MBD: Multi b-value Denoising of Diffusion Magnetic Resonance Images

We propose a novel approach to denoising diffusion magnetic resonance images (dMRI) using convolutional neural networks, that exploits the benefits of data acquired at multiple b-values to offset the need for many redundant observations. Denoising is especially relevant in dMRI since noise can have a deleterious impact on both quantification accuracy and image preprocessing. The most successful methods proposed to date, like Marchenko-Pastur Principal Component Analysis (MPPCA) denoising, are tailored to diffusion-weighting repeated for many encoding directions. They exploit high redundancy of the dataset that oversamples the diffusion-encoding direction space, since many directions have collinear components. However, there are many dMRI techniques that do not entail a large number of encoding directions or repetitions, and are therefore less suited to this approach. For example, clinical dMRI exams may include as few as three encoding directions, with low or negligible data redundancy across directions. Moreover, promising new dMRI approaches, like spherical b-tensor encoding (STE), benefit from high b-values while sensitizing the signal to diffusion along all directions in just a single shot. We introduce a convolutional neural network approach that we call multi-b-value-based denoising (MBD). MBD exploits the similarity in diffusion-weighted images (DWI) across different b-values but along the same diffusion encoding direction.

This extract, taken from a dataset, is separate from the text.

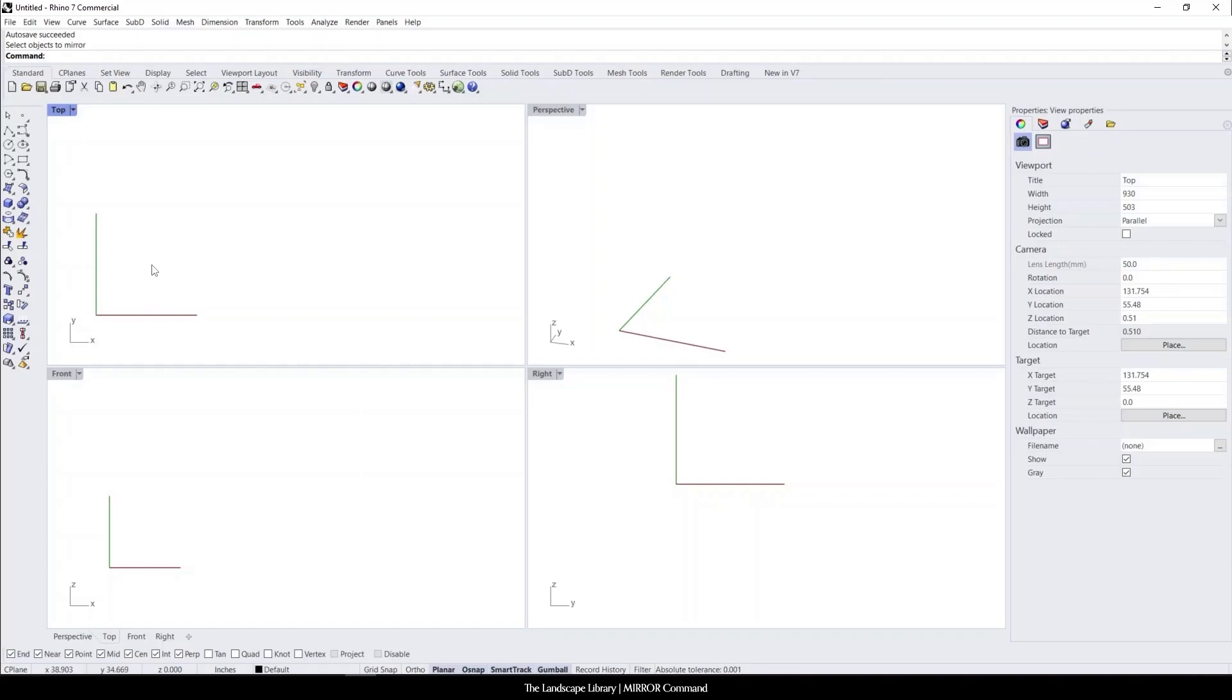In this tutorial, I'm going to show you how to use the mirror command in Rhino. The mirror command is really nice in Rhino when you're dealing with symmetrical designs.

It allows denoising of diffusion images with high noise variance while avoiding blurring, and using just a small number input images.

Geometry of the cumulant series in neuroimaging

Water diffusion gives rise to micrometer-scale sensitivity of diffusion MRI (dMRI) to cellular-level tissue structure. The advent of precision medicine and quantitative imaging hinges on revealing the information content of dMRI, and providing its parsimonious basis- and hardware-independent "fingerprint". Here we reveal the geometry of a multi-dimensional dMRI signal, classify all 21 invariants of diffusion and covariance tensors in terms of irreducible representations of the group of rotations, and relate them to tissue properties. Previously studied dMRI contrasts are expressed via 7 invariants, while the remaining 14 provide novel complementary information. We design acquisitions based on icosahedral vertices guaranteeing minimal number of measurements to determine 3-4 most used invariants in only 1-2 minutes for the whole brain. Representing dMRI signals via scalar invariant maps with definite symmetries will underpin machine learning classifiers of brain pathology, development, and aging, while fast protocols will enable translation of advanced dMRI into clinical practice.

Microstructural neuroimaging using spherical convolutional neural networks

Diffusion-weighted magnetic resonance imaging is sensitive to the microstructural properties of brain tissue. However, estimating clinically and scientifically relevant microstructural properties from the measured signals remains a highly challenging inverse problem. This paper presents a novel framework for estimating microstructural parameters using recently developed orientationally invariant spherical convolutional neural networks and efficiently simulated training data with a known ground truth. The network was trained to predict the ground-truth parameter values from simulated noisy data and applied to imaging data acquired in a clinical setting to generate microstructural parameter maps. Our model could estimate model parameters from spherical data more accurately than conventional non-linear least squares or a multi-layer perceptron applied on powder-averaged data (i.e., the spherical mean technique, a popular method for orientationally invariant microstructural parameter estimation). Importantly, our method is generalizable and can be used to estimate the parameters of any Gaussian compartment model.

aDWI-BIDS: an extension to the brain imaging data structure for advanced diffusion weighted imaging

Diffusion weighted imaging techniques permit us to infer microstructural detail in biological tissue in vivo and noninvasively. Modern sequences are based on advanced diffusion encoding schemes, allowing probing of more revealing measures of tissue microstructure than the standard apparent diffusion coefficient or fractional anisotropy. Though these methods may result in faster or more revealing acquisitions, they generally demand prior knowledge of sequence-specific parameters for which there is no accepted sharing standard. Here, we present a metadata labelling scheme suitable for the needs of developers and users within the diffusion neuroimaging community alike: a lightweight, unambiguous parametric map relaying acqusition parameters. This extensible scheme supports a wide spectrum of diffusion encoding methods, from single diffusion encoding to highly complex sequences involving arbitrary gradient waveforms. Built under the brain imaging data structure (BIDS), it allows storage of advanced diffusion MRI data comprehensively alongside any other neuroimaging information, facilitating processing pipelines and multimodal analyses. We illustrate the usefulness of this BIDS-extension with a range of example data, and discuss the extension's impact on pre- and post-processing software.